A BALEIA E A DEMOCRACIA
Sabe em que eu estou pensando? Em Herman Melville e Karl Popper. À primeira vista, um não tem nada a ver com o outro. Eles viveram e escreveram em épocas distintas. Melville foi um autor de histórias e aventuras no mar - seu romance mais importante, "Moby Dick", foi publicado há 160 anos e é um dos clássicos da literatura americana. Popper foi filósofo e ensaísta e pugnou intensamente, em sua obra " A sociedade aberta e seus inimigos", por uma sociedade plenamente democrática, constituída, na sua essência, de indivíduos autônomos e livres.
"Moby Dick" é uma história de obstinação e vingança. A trágica história do capitão Ahab: sua vida só haverá de ter sentido e sua alma só haverá de ter descanso depois de caçar e trucidar a terrível baleia branca que lhe mutilou a perna. Para tanto, não hesita em submeter toda a tripulação de seu navio baleeiro, o Pequod, a uma jornada fatal. Não lhes dá opção. Impõe-lhes seu destino de ódio e violência. Rouba-lhes a alma, em nome da sua própria obsessão.

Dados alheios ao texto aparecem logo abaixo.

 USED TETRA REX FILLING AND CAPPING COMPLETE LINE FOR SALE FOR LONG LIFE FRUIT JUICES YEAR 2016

Por que associei Melville a Popper? Porque Karl Popper nos diz que isso é o que pode acontecer quando ditadores e partidos políticos ascendem ao poder e impõem a um povo, a uma nação inteira, sua visão totalitária e única, quando é subtraído de cada cidadão o direito de escolher o seu próprio caminho. Popper defende o oposto: uma sociedade que proteja o direito de cada indivíduo de fazer seus próprios planos de vida e de construir sua felicidade. Para Popper, uma sociedade aberta, livre e democrática é aquela em que o cidadão não está preso a uma só seita, a uma só religião, ou a um só partido, a uma só vontade. Uma sociedade aberta, livre e democrática é aquela em que o cidadão pode se dar ao direito de considerar que sua alma é realmente sua. E não dos donos do poder.